What this task involves:
When you retype the listing, keep every word exactly as it appears.

Source data:

---------------

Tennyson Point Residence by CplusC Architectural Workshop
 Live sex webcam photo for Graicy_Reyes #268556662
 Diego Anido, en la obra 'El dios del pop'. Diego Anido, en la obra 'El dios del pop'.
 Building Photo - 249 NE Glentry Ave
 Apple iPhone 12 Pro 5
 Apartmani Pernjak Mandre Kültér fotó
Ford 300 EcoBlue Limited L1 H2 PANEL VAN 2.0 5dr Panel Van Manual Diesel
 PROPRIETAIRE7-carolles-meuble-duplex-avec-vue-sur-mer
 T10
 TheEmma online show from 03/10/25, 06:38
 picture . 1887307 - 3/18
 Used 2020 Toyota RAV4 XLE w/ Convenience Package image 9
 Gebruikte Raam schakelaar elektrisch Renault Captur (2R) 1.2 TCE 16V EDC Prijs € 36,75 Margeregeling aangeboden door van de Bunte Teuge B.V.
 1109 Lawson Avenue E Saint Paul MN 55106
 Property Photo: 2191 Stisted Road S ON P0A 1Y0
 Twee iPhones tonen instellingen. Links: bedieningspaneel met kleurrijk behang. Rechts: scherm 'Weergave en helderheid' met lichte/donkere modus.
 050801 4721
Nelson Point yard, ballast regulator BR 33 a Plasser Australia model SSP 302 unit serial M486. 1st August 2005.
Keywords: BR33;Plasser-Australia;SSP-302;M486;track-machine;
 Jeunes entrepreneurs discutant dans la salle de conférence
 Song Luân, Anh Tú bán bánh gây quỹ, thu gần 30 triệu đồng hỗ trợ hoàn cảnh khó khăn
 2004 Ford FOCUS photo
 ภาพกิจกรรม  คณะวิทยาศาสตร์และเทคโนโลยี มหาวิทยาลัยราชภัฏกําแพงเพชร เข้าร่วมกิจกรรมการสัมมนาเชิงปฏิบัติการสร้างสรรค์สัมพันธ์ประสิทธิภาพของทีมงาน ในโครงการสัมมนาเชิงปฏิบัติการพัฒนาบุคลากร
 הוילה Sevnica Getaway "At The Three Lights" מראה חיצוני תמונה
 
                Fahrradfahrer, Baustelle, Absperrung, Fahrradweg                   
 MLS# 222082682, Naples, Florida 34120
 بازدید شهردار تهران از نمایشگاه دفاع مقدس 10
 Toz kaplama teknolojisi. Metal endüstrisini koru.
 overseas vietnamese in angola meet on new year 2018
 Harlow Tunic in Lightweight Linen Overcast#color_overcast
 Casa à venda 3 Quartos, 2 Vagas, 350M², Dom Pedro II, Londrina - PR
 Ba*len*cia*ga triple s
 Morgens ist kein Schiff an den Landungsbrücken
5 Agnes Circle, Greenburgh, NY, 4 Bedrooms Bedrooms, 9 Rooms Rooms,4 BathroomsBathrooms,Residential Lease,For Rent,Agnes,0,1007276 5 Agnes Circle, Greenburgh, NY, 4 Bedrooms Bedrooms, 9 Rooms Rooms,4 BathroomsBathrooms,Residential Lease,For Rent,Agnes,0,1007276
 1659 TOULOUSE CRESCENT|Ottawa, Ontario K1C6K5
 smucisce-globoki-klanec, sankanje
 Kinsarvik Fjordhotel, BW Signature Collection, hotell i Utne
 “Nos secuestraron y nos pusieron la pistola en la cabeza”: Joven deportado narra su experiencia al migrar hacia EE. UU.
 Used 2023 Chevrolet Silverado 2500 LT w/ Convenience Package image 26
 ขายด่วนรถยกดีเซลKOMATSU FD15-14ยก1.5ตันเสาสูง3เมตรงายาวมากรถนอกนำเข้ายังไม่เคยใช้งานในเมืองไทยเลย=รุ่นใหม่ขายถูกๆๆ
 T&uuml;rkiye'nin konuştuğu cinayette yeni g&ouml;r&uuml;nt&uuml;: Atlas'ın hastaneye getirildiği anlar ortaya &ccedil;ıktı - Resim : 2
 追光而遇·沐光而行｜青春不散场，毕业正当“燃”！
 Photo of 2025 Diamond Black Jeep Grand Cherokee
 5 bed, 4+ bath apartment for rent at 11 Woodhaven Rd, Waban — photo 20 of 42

---------------

Result of this exercise:
Tennyson Point Residence by CplusC Architectural Workshop
 Live sex webcam photo for Graicy_Reyes #268556662
 Diego Anido, en la obra 'El dios del pop'. Diego Anido, en la obra 'El dios del pop'.
 Building Photo - 249 NE Glentry Ave
 Apple iPhone 12 Pro 5
 Apartmani Pernjak Mandre Kültér fotó
Ford 300 EcoBlue Limited L1 H2 PANEL VAN 2.0 5dr Panel Van Manual Diesel
 PROPRIETAIRE7-carolles-meuble-duplex-avec-vue-sur-mer
 T10
 TheEmma online show from 03/10/25, 06:38
 picture . 1887307 - 3/18
 Used 2020 Toyota RAV4 XLE w/ Convenience Package image 9
 Gebruikte Raam schakelaar elektrisch Renault Captur (2R) 1.2 TCE 16V EDC Prijs € 36,75 Margeregeling aangeboden door van de Bunte Teuge B.V.
 1109 Lawson Avenue E Saint Paul MN 55106
 Property Photo: 2191 Stisted Road S ON P0A 1Y0
 Twee iPhones tonen instellingen. Links: bedieningspaneel met kleurrijk behang. Rechts: scherm 'Weergave en helderheid' met lichte/donkere modus.
 050801 4721
Nelson Point yard, ballast regulator BR 33 a Plasser Australia model SSP 302 unit serial M486. 1st August 2005.
Keywords: BR33;Plasser-Australia;SSP-302;M486;track-machine;
 Jeunes entrepreneurs discutant dans la salle de conférence
 Song Luân, Anh Tú bán bánh gây quỹ, thu gần 30 triệu đồng hỗ trợ hoàn cảnh khó khăn
 2004 Ford FOCUS photo
 ภาพกิจกรรม  คณะวิทยาศาสตร์และเทคโนโลยี มหาวิทยาลัยราชภัฏกําแพงเพชร เข้าร่วมกิจกรรมการสัมมนาเชิงปฏิบัติการสร้างสรรค์สัมพันธ์ประสิทธิภาพของทีมงาน ในโครงการสัมมนาเชิงปฏิบัติการพัฒนาบุคลากร
 הוילה Sevnica Getaway "At The Three Lights" מראה חיצוני תמונה
 
                Fahrradfahrer, Baustelle, Absperrung, Fahrradweg                   
 MLS# 222082682, Naples, Florida 34120
 بازدید شهردار تهران از نمایشگاه دفاع مقدس 10
 Toz kaplama teknolojisi. Metal endüstrisini koru.
 overseas vietnamese in angola meet on new year 2018
 Harlow Tunic in Lightweight Linen Overcast#color_overcast
 Casa à venda 3 Quartos, 2 Vagas, 350M², Dom Pedro II, Londrina - PR
 Ba*len*cia*ga triple s
 Morgens ist kein Schiff an den Landungsbrücken
5 Agnes Circle, Greenburgh, NY, 4 Bedrooms Bedrooms, 9 Rooms Rooms,4 BathroomsBathrooms,Residential Lease,For Rent,Agnes,0,1007276 5 Agnes Circle, Greenburgh, NY, 4 Bedrooms Bedrooms, 9 Rooms Rooms,4 BathroomsBathrooms,Residential Lease,For Rent,Agnes,0,1007276
 1659 TOULOUSE CRESCENT|Ottawa, Ontario K1C6K5
 smucisce-globoki-klanec, sankanje
 Kinsarvik Fjordhotel, BW Signature Collection, hotell i Utne
 “Nos secuestraron y nos pusieron la pistola en la cabeza”: Joven deportado narra su experiencia al migrar hacia EE. UU.
 Used 2023 Chevrolet Silverado 2500 LT w/ Convenience Package image 26
 ขายด่วนรถยกดีเซลKOMATSU FD15-14ยก1.5ตันเสาสูง3เมตรงายาวมากรถนอกนำเข้ายังไม่เคยใช้งานในเมืองไทยเลย=รุ่นใหม่ขายถูกๆๆ
 T&uuml;rkiye'nin konuştuğu cinayette yeni g&ouml;r&uuml;nt&uuml;: Atlas'ın hastaneye getirildiği anlar ortaya &ccedil;ıktı - Resim : 2
 追光而遇·沐光而行｜青春不散场，毕业正当“燃”！
 Photo of 2025 Diamond Black Jeep Grand Cherokee
 5 bed, 4+ bath apartment for rent at 11 Woodhaven Rd, Waban — photo 20 of 42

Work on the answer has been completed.